The Daughter of DawnIt was Johnny Boggs’s turn to select the film for this Western Night session and he chose a surprising silent released in 1920 called THE DAUGHTER OF DAWN, a film about Native Americans with a cast of all Native Americans, namely Kiowas and Comanches.

The love triangle of the story concerns two Kiowa men both in love with Daughter of Dawn (Esther LeBarre), the chief’s daughter. She loves White Eagle (White Parker, the son of famed Comanche leader Quanah Parker), a strong, kind man with few possessions. His rival, Black Wolf (Jack Sankadota), owns many ponies, and wants to marry Dawn so he can be certain of becoming the new chief.

It’s a familiar tale, and one that takes on Shakespearean dimensions of vengeance and twisted emotions, but there’s also a moment or two that are truly preposterous. Let’s just say tests of love and devotion take on new meaning. In spite of this, though, the film is still remarkable and engaging.

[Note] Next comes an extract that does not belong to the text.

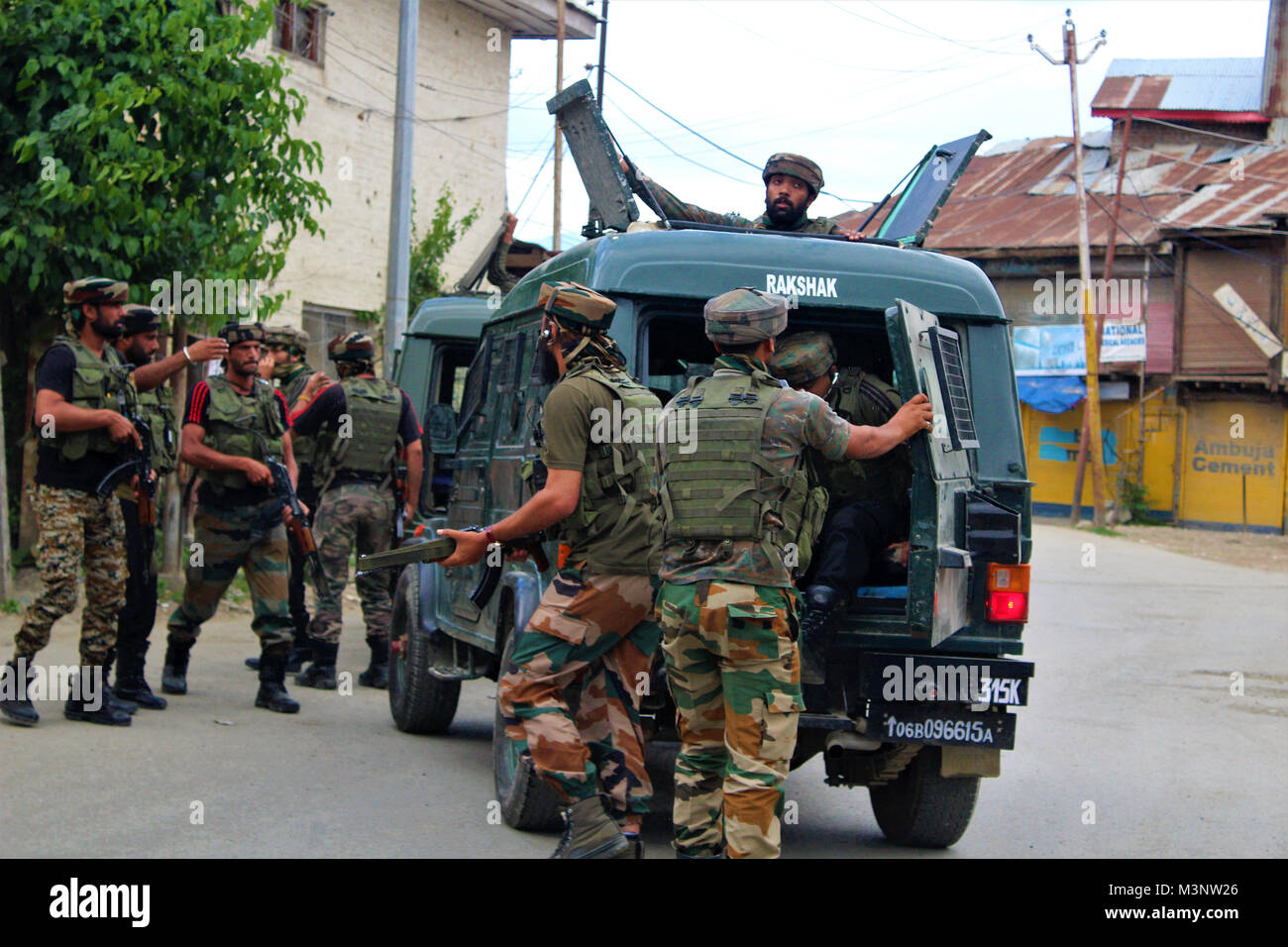 Army man with automatic rifle, Sopore town, Kashmir, India, Asia Stock Photo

Produced by Richard Banks, an Anglo, and his Texas Film Company, the film was written and directed by Norbert Myles, also an Anglo, whose background included performing in vaudeville and then directing a few low budget movies. According to reports, Banks enticed Myles, who’d been blackballed by Hollywood studio brass for being difficult, with an idea for a film involving, he said, “an old Comanche legend.”

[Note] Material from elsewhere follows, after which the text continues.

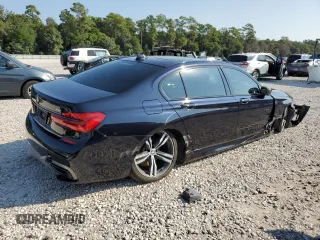 2019 BMW 7 Series 740i with VIN WBA7E2C50KB216499, listed as a Copart auction lot 68828673 with 94,549 mi miles. Bid and sale history available at carsss.com. Image 3.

With only one camera to shoot the film, Myles kept the camera stationery allowing the cast to move within the frame; simple yet effective. There’s not even a panning shot during the buffalo hunt or the battle scenes, though in fairness, the combat moments are poorly staged.

Also, the clothing, tipis, horses and weapons were all actual possessions brought by the Indians to the filming location in the Wichita Mountains in Oklahoma.

The film was sneak previewed in Los Angeles with one reviewer calling it “original and breath-taking.” Its history became murky after that and the film was feared lost, but a copy was discovered ninety years later and restored by the Oklahoma Historical Society.

With a running time of 80 minutes, the film is available on DVD and Blu-Ray.

Along with Johnny, record nine-time Spur Award-winning author and Owen Wister Award winner whose work includes A THOUSAND TEXAS LONGHORNS, our group includes Kirk Ellis, Emmy-winning screenwriter and producer of HBO’s JOHN ADAMS and TNT’s INTO THE WEST, Kirk’s wife, Sheila, David Morrell, award-winning author and New York Times best-selling author of FIRST BLOOD, the novel that introduced the character Rambo, and Robert Nott, award-winning journalist and author of several books on Western films, including his most recent THE FILMS OF BUDD BOETTICHER.